This year, I resolved there would be no festive lights, no Christmas tree, no holiday baking, and the minimal amount of cheerful presents. It's not difficult really to essentially cancel Christmas since I'm the only one who decorates, bakes, shops. Now, I could make a case that it is a somber holiday. My dad died on Christmas Eve. I went ahead with Noche Buena anyway. He would have approved. And although illness clouds this approaching eve, that's not it either.
"So, Mom, are you watching your sappy Christmas movies yet?" my daughter asks over the phone.
"No," I reply. "That's for people who celebrate Christmas." She was referring to one of my favorite holiday pastimes, watching a syrupy, soupy Christmas movie a night for the month of December. Truth is, I love it. I come by it honestly. My Dad was crazy about Christmas. For a variety of reasons, he had missed out growing up. My mother used to call him "el niño sin infancia," or the boy without a childhood. Well, he made up for it.
Every year, we would pile in whatever Pontiac he had at the moment and head up to Manhattan to get our tree. It had to be a real one, the kind that smelled and had to be fed aspirin and wound up dropping aromatic needles everywhere. In the dark, we would barter and buy under the old West Side Highway, where trees were chosen the by the glow of light bulbs strung on props of wood. The purchase always entailed great debate as to whether it was too scrawny, too tall for the ceiling, too expensive. Into the night, we would drive with our trophy firmly tied to the roof.
Invariably, when we got home, it would be too tall or crooked or some other condition that necessitated cutting the base. A saw borrowed from some place, as we lived in a Brooklyn tenement, tree firmly in its base, it would begin. Dad's responsibility was stringing the lights. This, he turned into a ritual which required the most careful of placement. First, however, they had to be tried because inevitably one of the little lights would be blown and the string would be out. He would examine each twinkle bulb carefully, as if anyone could tell which one was out. Then he would change bulb after bulb until he hit the right one. His solemn charge accomplished, he would relinquish the tree to the colorful ministrations of my Mom and myself. The toys under the tree Christmas morning, however, had to be wrested away from him so that I could play.
As fate would have it, the hubster was by geography and personal circumstance similarly Christmas-challenged. But where my Dad threw himself into the process, hubby scoffs and scoffs and scoffs. For 30 years now, I have been dragging the man, kvetching, across the Christmas finish line. One year, his daughter gave him the soundtrack to The Grinch Who Stole Christmas. Talk about your pointed presents. Let me tell you, there is nothing more depressing in a in a one horse open sleigh than someone complaining all the way. No mas. The man doesn't like Christmas. We won't celebrate it.
And so it was that last night for the first time this year, I was innocently channel surfing and stumbled upon a movie, not just any movie either. The plot was something about an accountant who magically transforms a bunch of homeless men into a choir, etc.... It could have been any one of a hundred made for TV holiday movies. I felt it. I realized the true spirit of Christmas: for one shining moment in time, in the midst of darkness and winter, we recapture the color and light of childhood, the wonder, the magic.

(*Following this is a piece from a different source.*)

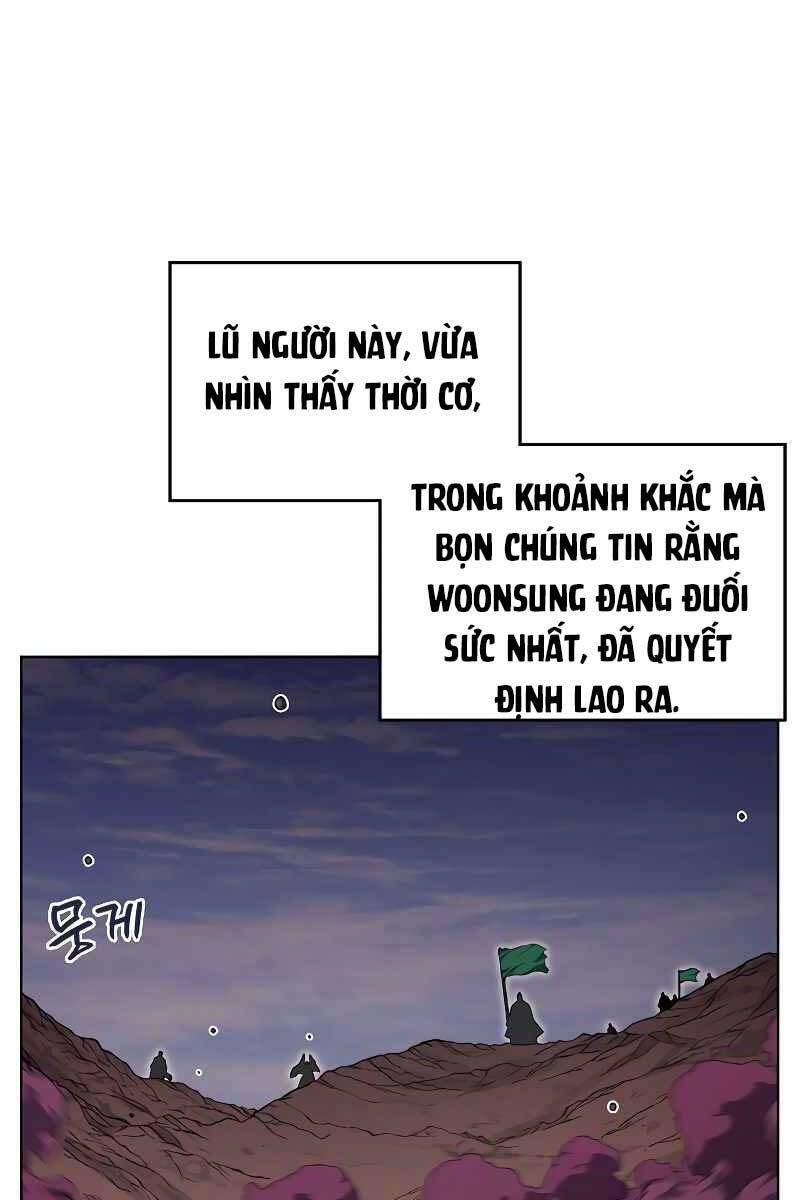 Biên Niên Sử Của Thiên Quỷ Chapter 194 - Trang 37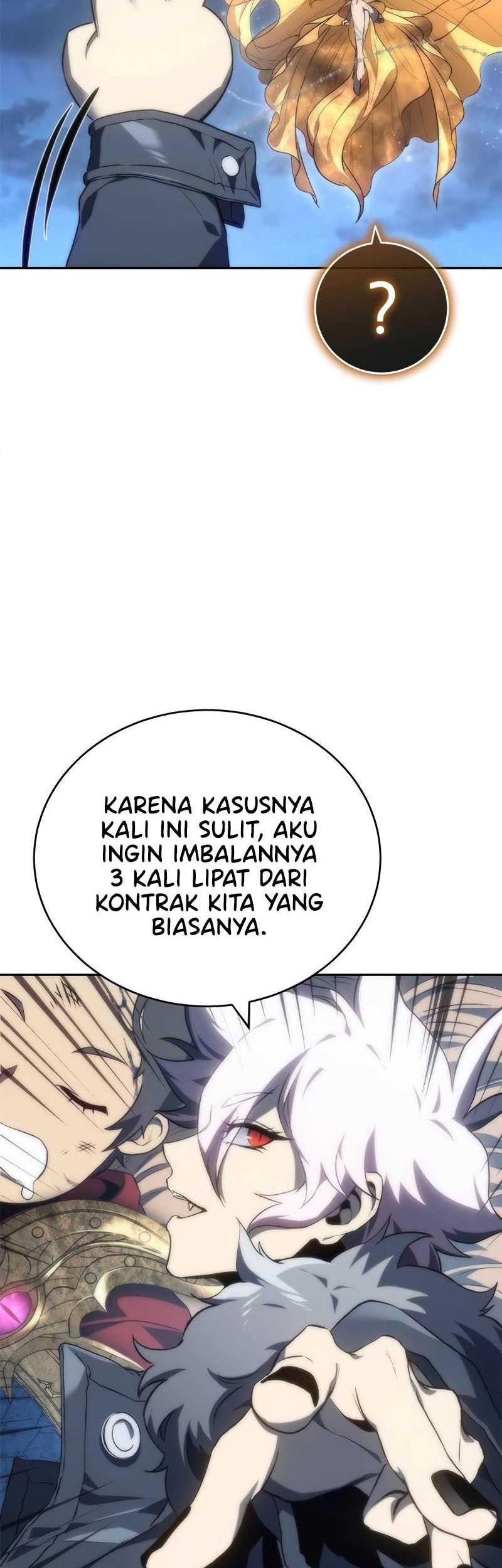 Why I Quit Being The Demon King chapter 19 halaman 47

The most potent magic, I think, is the possibility of goodness, our own and that of others. That's what Christmas is all about.
And as for me, don't despair. When I couldn't tamp down my desire to decorate. I gift wrapped the paintings in the living room in a somber pewter and gray paper with black ribbon. I did put a white poinsettia on them. I took out Dad's soft and cuddly Santa Doll and put it on my night table. And as I write, maybe I'm wearing red ornament earrings.
Funny thing is that somewhere across the years, that Grinch heart must have started growing ever so slightly, nearly approaching the size of a human one. Many a reference to the lack of decorations around the old homestead and even a joking accusation of laziness have been made. There have been a few false starts to string lights on the house. The other evening, we wound up at a local shopping area to see the lights. For half a minute tonight, going to see the Christmas parade on Main Street was a possibility. Who knows, by the time this season is over, maybe there will be joy in Whoville. Doesn't really matter though, because one thing I've discovered in the year with no tree is that I carry Christmas in my heart. Every thing else is really window dressing.